We’ve been having every now and then this issue, which reduces the stability of our cluster a lot…
Basically, the DCP drain rate of our cluster get’s increments slowly up to 10M, which is fairly high, all connected clients send an high amount of bandwidth (~1.5MBps each), and each node in the cluster (4) also sends a lot of traffic (~4MBps each, 12 in one, which is the server seems to be having the problem).
We have about 5GB of data.
Reducing the amount of replicas, reduces the constant amount of 10 to 6 for example… it looks like a bug in DCP and I don’t know how to stop it, it eventually always goes off, but it worries me since it also propagates to XDCR, which means an increased bandwidth bill.
This is a more detailed graph showing how these values evolved.
I did a rebalance yesterday morning after a planned maintenance from azure, but it shouldn’t interfere since this problem has happened at least three other times in the past.
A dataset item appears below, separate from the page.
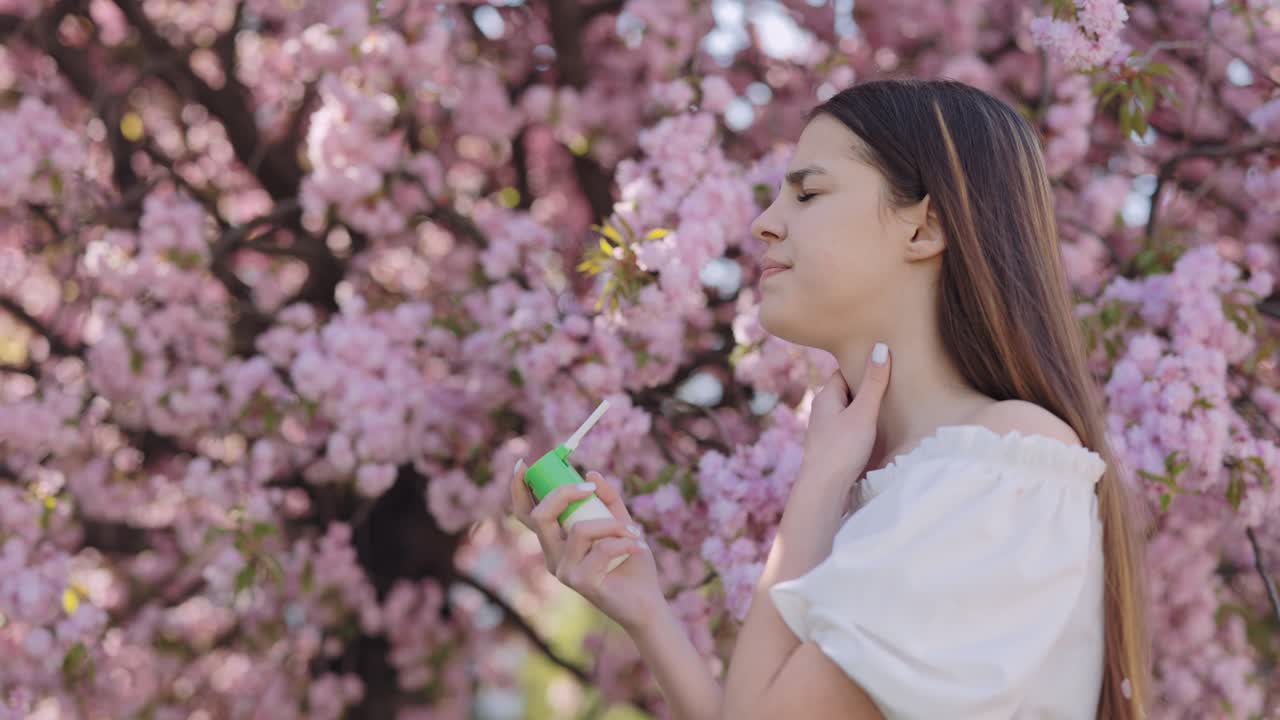 Teenager Using Inhaler Amongst Cherry Blossoms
I’m glad to say you can close this, I found the issue was at the application level!
@kshmir1 Just curious… what was the issue? Others might see the same behavior…
We track information of users through a pixel, some visitors abused this and stored too many information. Just one pixel could make the document size go up so much that each request would make a whole lot of network time, none of our monitoring systems realized this was going on sadly.
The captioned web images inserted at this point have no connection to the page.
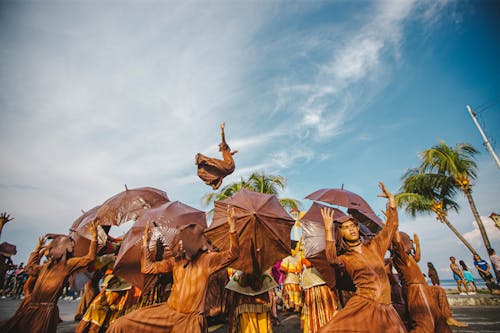 Люди в коричневой традиционной одежде под голубым небом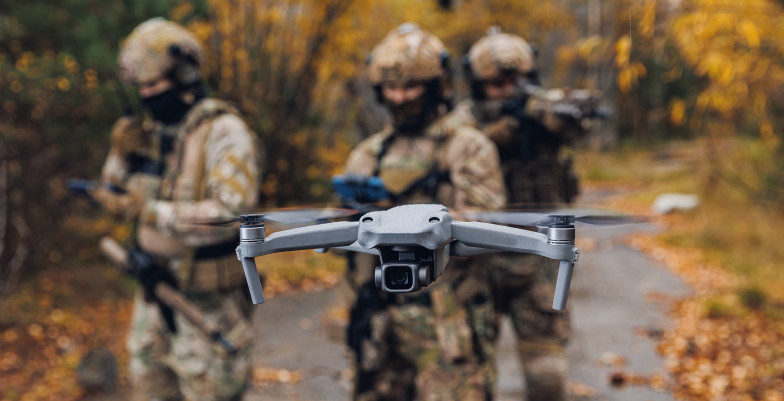Modern army soldiers using aerial drone for artillery guidance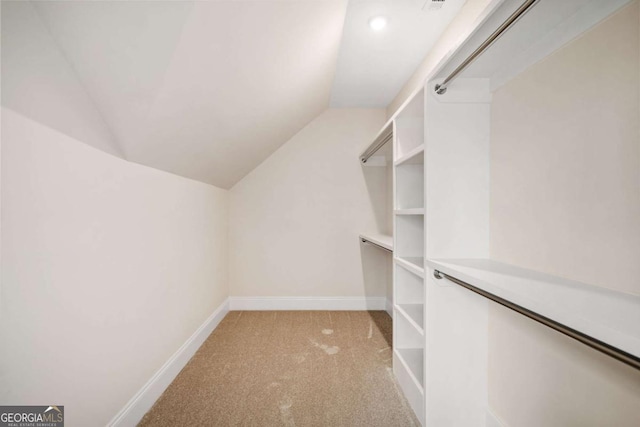 walk in closet featuring light carpet and vaulted ceiling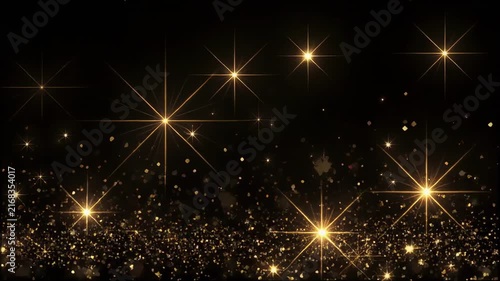 Golden sparkling particles drifting against a dark background with soft light flares for festive celebrations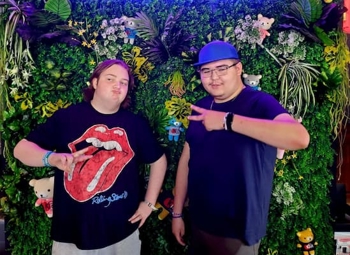 Two teenaged boys throw peace signs and goof off for the camera in front of a wall of hanging plants.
The only indicator that showed this was an increased usage of network, and the replication rate in couchbase, just 5 or 6 documents were updated every some seconds, but we realized one of those must have been huge, we were right.
This was really hard to track, it took us some months, but thankfully it never made couchbase or our systems fail at all. We use node.js with express and the node sdk with couchbase, all hosted in azure.
Cool, glad you tracked it down. Thanks for sharing the war story, always good to hear what people are up to.